C to ASM Example #
Example:
// A C program is a collection of functions.
// Here's a minimal program with one function
int
main(int argc, char* argv[])
{
printf("Hello C program\n");
return 0;
}
# Direct C => binary
$ gcc -o hello hello.c
$ ./hello
# C => asm
$ gcc -S -o hello.s hello.c
# take a look at hello.s
# asm => binary
$ gcc -o hello hello.s
$ ./hello
Interesting stuff in hello.s:
-
The string is there, but no newline.
-
The main function exists
- Starts at label “main”
- Ends at “ret”.
- Declared “.globl”
-
In the main function another function is called - not printf, but puts.
-
The optimizer got to us.
Let’s tell it to be less clever:
# C => asm
$ gcc -fno-builtin -S -o hello.s hello.c
# take a look at hello.s
- Now the string has a newline.
- And the function called is “printf”.
How about with two functions:
// add1.c
long
add1(long x)
{
return x + 1;
}
int
main(int _ac, char* _av[])
// initial _ marks args as not used
{
long x = add1(5);
printf("%ld\n", x);
return 0;
}
# C => asm
$ gcc -S -o add1.s add1.c
# take a look at hello.s
- Two functions: add1, main
- each starts at label, ends at “ret”
- In main, the value 5 is moved to “%rdi”

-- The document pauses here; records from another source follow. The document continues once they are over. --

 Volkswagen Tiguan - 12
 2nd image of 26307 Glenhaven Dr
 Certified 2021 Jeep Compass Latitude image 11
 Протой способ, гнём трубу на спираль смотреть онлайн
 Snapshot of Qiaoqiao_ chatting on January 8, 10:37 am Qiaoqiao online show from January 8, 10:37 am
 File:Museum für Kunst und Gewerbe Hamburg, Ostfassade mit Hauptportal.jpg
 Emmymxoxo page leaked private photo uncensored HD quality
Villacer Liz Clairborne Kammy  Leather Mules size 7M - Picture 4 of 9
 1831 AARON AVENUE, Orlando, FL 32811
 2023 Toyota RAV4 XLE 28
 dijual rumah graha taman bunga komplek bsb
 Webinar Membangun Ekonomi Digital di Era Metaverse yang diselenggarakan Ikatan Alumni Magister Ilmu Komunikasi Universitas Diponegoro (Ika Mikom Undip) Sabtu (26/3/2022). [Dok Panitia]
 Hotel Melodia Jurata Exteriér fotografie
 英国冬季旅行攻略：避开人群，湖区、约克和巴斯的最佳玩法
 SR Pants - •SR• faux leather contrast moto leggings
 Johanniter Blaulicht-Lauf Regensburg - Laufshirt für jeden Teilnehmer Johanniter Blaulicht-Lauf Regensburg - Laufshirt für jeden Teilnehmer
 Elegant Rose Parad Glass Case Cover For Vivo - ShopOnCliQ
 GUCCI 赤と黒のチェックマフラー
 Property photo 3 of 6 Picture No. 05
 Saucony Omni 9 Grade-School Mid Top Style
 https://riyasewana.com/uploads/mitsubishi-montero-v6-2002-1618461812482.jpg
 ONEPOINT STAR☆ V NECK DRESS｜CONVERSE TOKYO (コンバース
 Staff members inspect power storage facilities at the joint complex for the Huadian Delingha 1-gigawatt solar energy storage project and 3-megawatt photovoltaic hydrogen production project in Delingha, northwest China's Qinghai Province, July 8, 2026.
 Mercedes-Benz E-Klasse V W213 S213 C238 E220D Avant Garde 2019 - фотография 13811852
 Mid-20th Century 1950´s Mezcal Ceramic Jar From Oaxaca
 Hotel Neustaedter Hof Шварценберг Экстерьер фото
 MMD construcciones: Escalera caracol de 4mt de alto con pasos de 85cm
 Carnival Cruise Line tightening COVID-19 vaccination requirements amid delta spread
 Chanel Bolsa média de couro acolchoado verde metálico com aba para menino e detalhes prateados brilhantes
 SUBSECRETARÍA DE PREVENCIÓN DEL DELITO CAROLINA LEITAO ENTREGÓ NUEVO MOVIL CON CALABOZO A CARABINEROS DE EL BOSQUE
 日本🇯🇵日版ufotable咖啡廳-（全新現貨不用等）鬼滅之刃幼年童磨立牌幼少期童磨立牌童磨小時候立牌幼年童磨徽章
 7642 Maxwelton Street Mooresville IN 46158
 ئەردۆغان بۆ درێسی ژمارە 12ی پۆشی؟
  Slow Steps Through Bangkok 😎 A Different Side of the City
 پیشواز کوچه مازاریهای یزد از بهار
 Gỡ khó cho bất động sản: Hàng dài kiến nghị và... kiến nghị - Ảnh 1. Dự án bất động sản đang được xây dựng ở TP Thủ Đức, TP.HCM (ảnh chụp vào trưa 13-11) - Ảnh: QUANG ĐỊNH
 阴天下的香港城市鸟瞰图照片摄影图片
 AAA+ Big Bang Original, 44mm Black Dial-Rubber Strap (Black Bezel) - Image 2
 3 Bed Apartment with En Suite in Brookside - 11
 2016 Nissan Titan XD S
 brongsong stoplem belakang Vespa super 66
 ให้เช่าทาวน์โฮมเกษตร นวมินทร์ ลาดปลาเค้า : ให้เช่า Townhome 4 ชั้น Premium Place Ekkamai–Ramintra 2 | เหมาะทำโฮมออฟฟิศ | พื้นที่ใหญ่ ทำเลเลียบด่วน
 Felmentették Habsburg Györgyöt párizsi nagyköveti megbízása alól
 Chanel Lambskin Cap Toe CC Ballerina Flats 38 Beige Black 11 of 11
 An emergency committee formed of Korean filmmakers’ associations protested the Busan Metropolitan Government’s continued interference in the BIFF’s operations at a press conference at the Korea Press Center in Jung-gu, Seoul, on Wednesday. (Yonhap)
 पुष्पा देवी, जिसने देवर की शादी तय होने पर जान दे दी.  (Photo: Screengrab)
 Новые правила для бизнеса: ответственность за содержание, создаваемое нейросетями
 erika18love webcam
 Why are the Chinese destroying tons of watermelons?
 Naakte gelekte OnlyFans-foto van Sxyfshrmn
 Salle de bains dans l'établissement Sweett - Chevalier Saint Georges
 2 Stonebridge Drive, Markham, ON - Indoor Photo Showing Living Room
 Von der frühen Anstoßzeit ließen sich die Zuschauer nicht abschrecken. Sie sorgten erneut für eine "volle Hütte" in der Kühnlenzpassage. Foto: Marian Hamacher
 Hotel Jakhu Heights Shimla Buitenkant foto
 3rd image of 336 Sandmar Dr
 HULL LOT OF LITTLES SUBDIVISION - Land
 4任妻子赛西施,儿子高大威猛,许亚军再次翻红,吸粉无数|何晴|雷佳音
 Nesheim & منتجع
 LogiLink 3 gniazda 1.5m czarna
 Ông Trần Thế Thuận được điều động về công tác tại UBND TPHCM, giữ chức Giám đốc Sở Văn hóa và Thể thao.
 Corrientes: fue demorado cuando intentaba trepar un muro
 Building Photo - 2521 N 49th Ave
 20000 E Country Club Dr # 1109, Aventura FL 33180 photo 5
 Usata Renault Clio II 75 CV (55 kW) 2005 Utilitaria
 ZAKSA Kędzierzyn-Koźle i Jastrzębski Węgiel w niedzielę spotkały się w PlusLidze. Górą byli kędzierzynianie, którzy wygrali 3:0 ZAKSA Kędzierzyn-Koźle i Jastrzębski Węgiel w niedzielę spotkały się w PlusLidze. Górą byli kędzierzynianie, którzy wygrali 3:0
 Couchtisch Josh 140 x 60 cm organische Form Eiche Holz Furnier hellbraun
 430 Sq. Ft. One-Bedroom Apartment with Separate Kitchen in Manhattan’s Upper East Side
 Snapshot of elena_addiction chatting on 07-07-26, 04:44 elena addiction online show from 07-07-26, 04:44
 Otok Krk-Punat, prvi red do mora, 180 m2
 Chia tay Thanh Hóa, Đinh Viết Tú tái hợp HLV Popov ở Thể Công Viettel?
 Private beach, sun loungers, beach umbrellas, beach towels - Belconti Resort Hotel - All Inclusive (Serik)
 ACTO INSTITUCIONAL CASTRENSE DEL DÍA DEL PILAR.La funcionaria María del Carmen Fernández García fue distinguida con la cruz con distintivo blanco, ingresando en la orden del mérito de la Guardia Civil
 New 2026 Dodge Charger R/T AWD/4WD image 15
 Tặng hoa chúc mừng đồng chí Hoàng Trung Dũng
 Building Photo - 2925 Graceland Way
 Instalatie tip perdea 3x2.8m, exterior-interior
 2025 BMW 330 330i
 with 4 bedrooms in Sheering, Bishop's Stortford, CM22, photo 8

- That must be where the function’s first argument goes.
- No, that’s “%edi”
- I said “%rdi”, wait a second…
- Then add1 is called
- In add1, the value from %rdi goes to some places.
- Eventually, “addq $1, …” happens to it.
- Back in main, %rax is moved to %rsi, and printf is called.
This almost makes sense, but it’s a bit of a mess. Let’s figure it out.
AMD64: ISA and ASM #
This is a 64-bit extension to a 32-bit extension to a 16-bit ISA that probably was based on the instructions for an 8 bit graphics controller.
AMD64 being 64 bit means:
- Registers hold 64 bits (how many bytes?).
- Memory addresses are 64 bits (kind of).
Translating add1.c to assembly #
# add2.s
.global main
.text
# long add2(long x)
# - the argument comes in in %rdi
# - we return the result by putting it in %rax
add2:
enter $0, $0
# long y = x;
mov %rdi, %rax
# y = y + 2;
add $2, %rax
# return y;
leave
ret
main:
enter $0, $0
# long x = 5;
mov $5, %rdi
# y = add1(x)
call add2
# result in %rax
# printf("%ld\n", y)
# - first arg goes in %rdi
# - second arg goes in %rsi
# - for a variable arg function, we need to zero %al
# - %al is the bottom 8 bits of %ax/%eax/%rax
mov $long_fmt, %rdi
mov %rax, %rsi
mov $0, %al
call printf
leave
ret
.data
long_fmt: .string "%ld\n"
To compile this simple hand-written assembly, we use:
gcc -no-pie -o add2 add2.s